Board of Directors of Eskom led by Interim Chairperson Zethembe Khoza have expressed support on the new strategy adopted by executive management in turning around the company’s operational and financial performance.
Mr Khoza noted that Eskom has not implemented load shedding for the past 23 months, and that the plan was to continue implementing appropriate levels of planned maintenance to ensure long-term plant reliability.
The reduction in unplanned outages contributed to improvements of plant availability and the resultant sharp reduction in the usage of open cycle gas turbines (diesel generators).
“In terms of Eskom’s existing Generation Sustainability Strategy, our aim is to achieve 80% plant availability, 10% planned maintenance and 10% unplanned maintenance over the medium-term. The adherence to regular scheduled maintenance is managed through the Tetris planning tool which schedules outages based on forecasted demand and maintenance requirements. A key aspect of this includes having a strict winter and summer maintenance budget that comprises 8.5GW for winter and 11.5GW for summer,” said Khoza.

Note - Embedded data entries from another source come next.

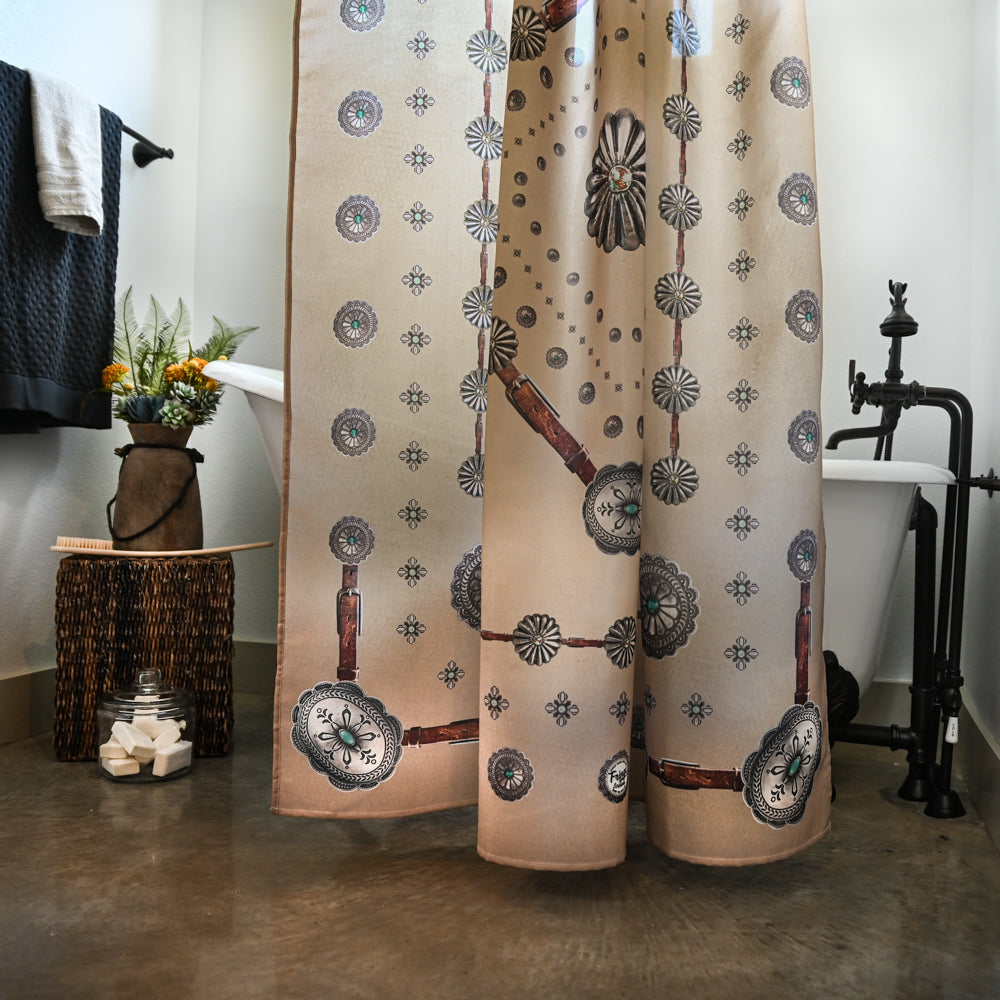 Flagstaff Shower Curtain Concho Bridle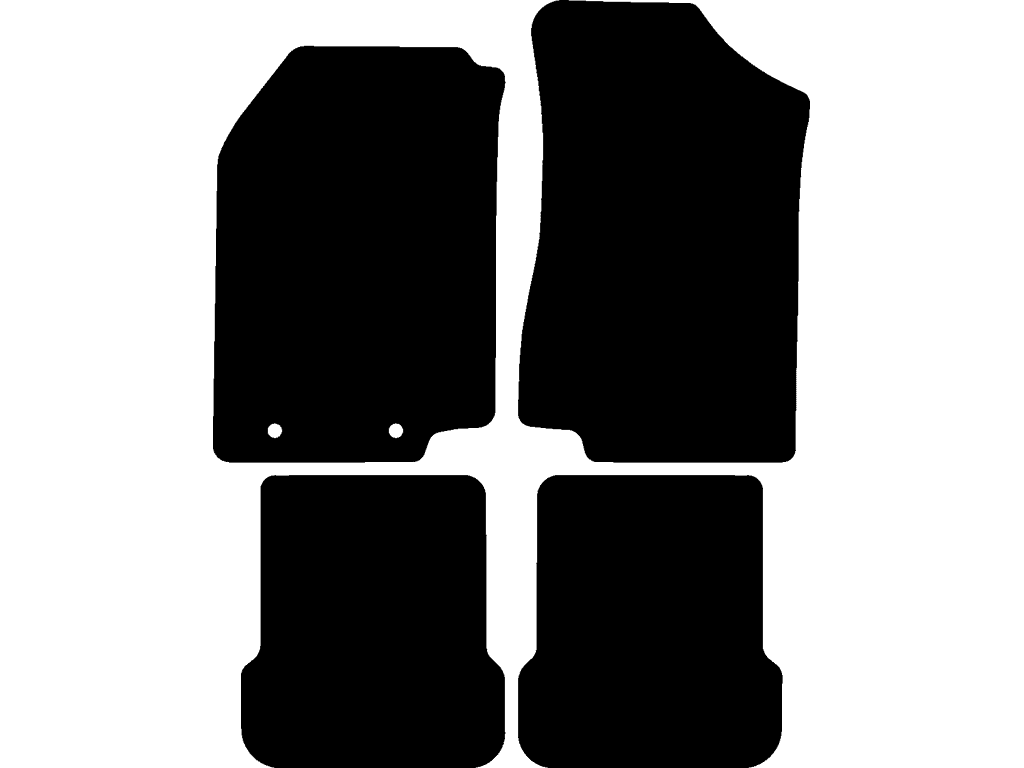 Automatten voor Volkswagen Golf 2 1983 - 1992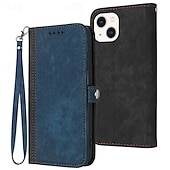 Недорогие Чехлы для iPhone-Чехол для iPhone 16 iPhone 15 Pro Max iPhone 14 13 12 11 Pro Max Mini SE X XR XS Max 8 7 Plus кошелек магнитный с ремешком для запястья подставка ретро TPU PU кожа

Mr Khoza also welcomed the continued drive by Eskom’s Interim Group Chief Executive, Johnny Dladla, to meet with all of Eskom’s critical stakeholders, including employees, in an effort to not only share executive management’s vision, but to also understand the needs of these stakeholders. On Monday, Mr Dladla, accompanied by his executive management team, met with the company’s senior and middle management stratum and emphasised Public Enterprises Minister Lynne Brown’s and the Board’s mandate and expectations.
Similar engagements with other stakeholders are scheduled for the next few weeks.
Eskom generates approximately 95% of the electricity used in South Africa and approximately 45% of the electricity used in Africa. Eskom generates, transmits and distributes electricity to industrial, mining, commercial, agricultural and residential customers and redistributors. Additional power stations and major power lines are being built to meet rising electricity demand in South Africa. Eskom will continue to focus on improving and strengthening its core business of electricity generation, transmission, trading and distribution.
Eskom buys electricity from and sells electricity to the countries of the Southern African Development Community (SADC). The future involvement in African markets outside South Africa (that is the SADC countries connected to the South African grid and the rest of Africa) is limited to those projects that have a direct impact on ensuring security of supply for South Africa.